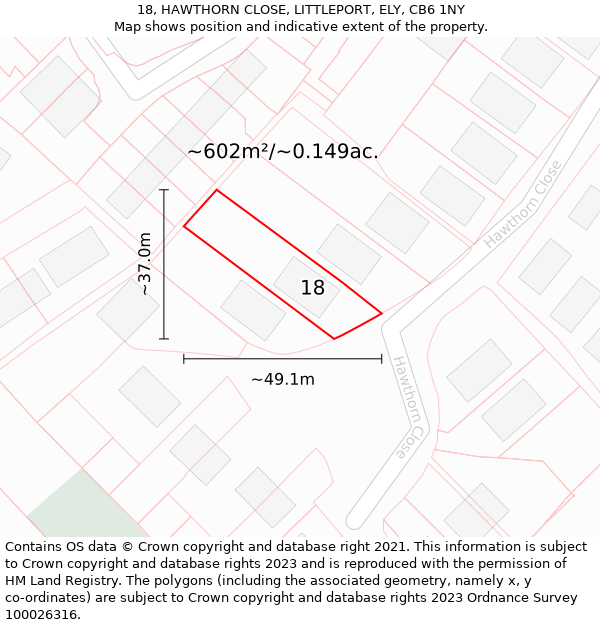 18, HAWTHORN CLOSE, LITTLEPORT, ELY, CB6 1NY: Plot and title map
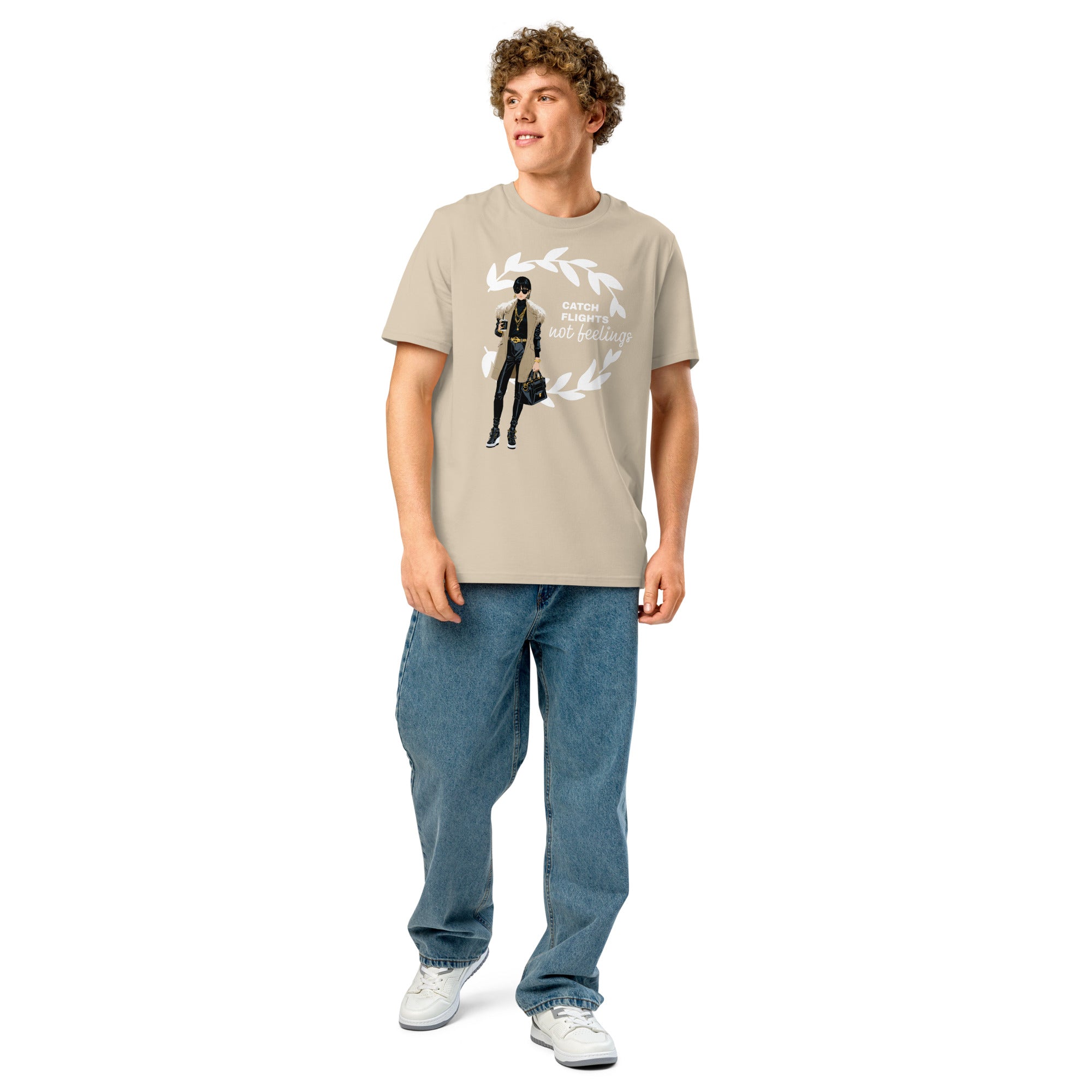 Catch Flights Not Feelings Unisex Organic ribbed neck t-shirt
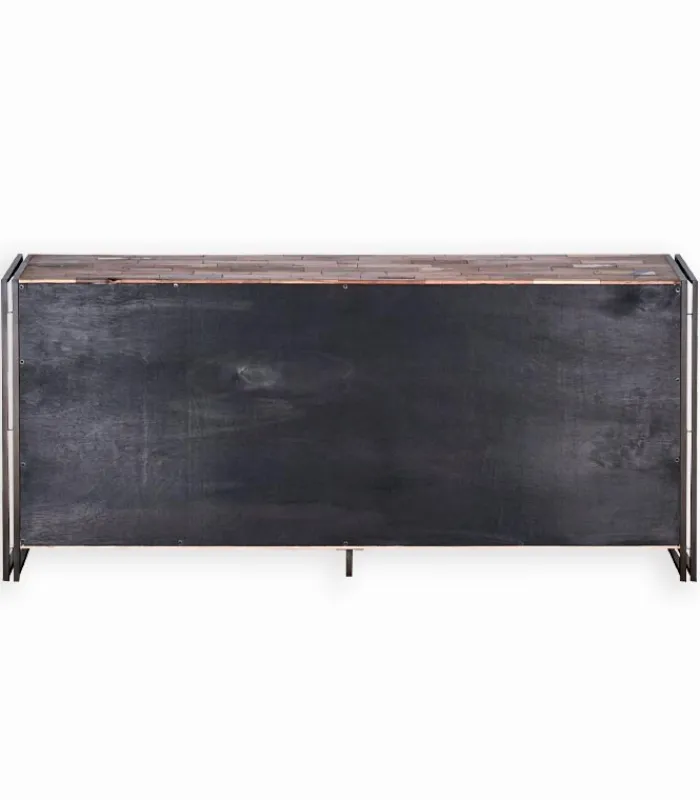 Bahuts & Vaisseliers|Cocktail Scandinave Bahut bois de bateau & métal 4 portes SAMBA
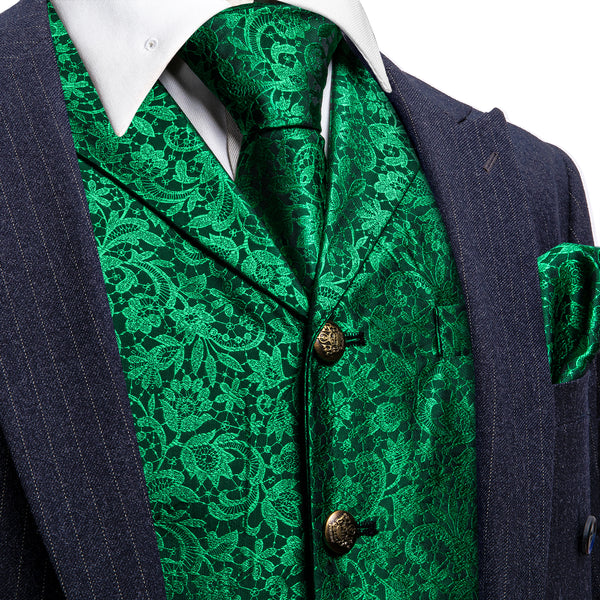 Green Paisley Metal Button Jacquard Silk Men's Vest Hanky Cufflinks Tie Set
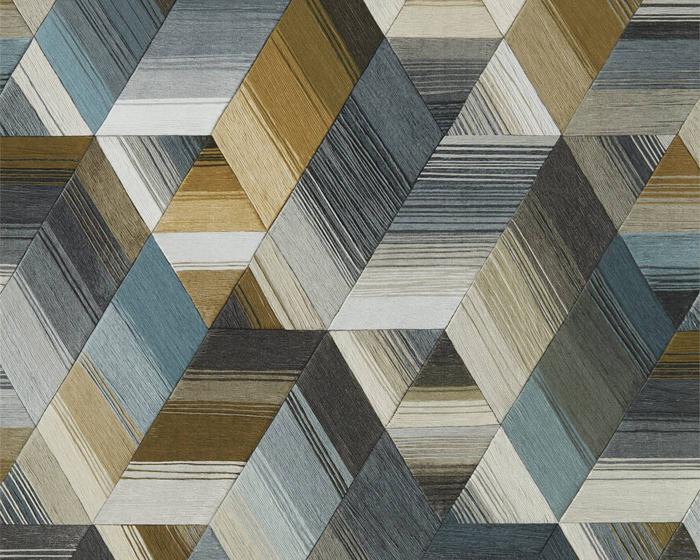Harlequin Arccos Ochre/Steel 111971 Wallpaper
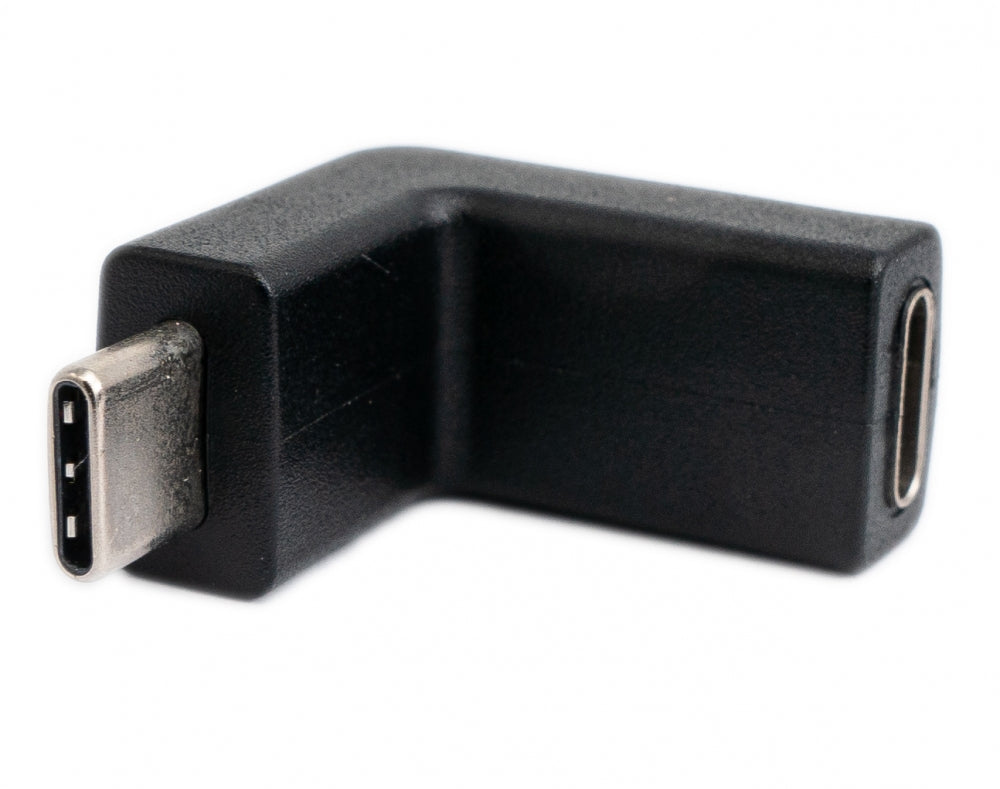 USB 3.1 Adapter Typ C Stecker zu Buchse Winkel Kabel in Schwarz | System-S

Exercise aim: The answer consists of the lines from the one holding "Bahuts & Vaisseliers|Cocktail" to the end of the records, inclusive, restated exactly and without pictures.

Solution for this problem:
 Bahuts & Vaisseliers|Cocktail Scandinave Bahut bois de bateau & métal 4 portes SAMBA
 Green Paisley Metal Button Jacquard Silk Men's Vest Hanky Cufflinks Tie Set
Harlequin Arccos Ochre/Steel 111971 Wallpaper
 USB 3.1 Adapter Typ C Stecker zu Buchse Winkel Kabel in Schwarz | System-S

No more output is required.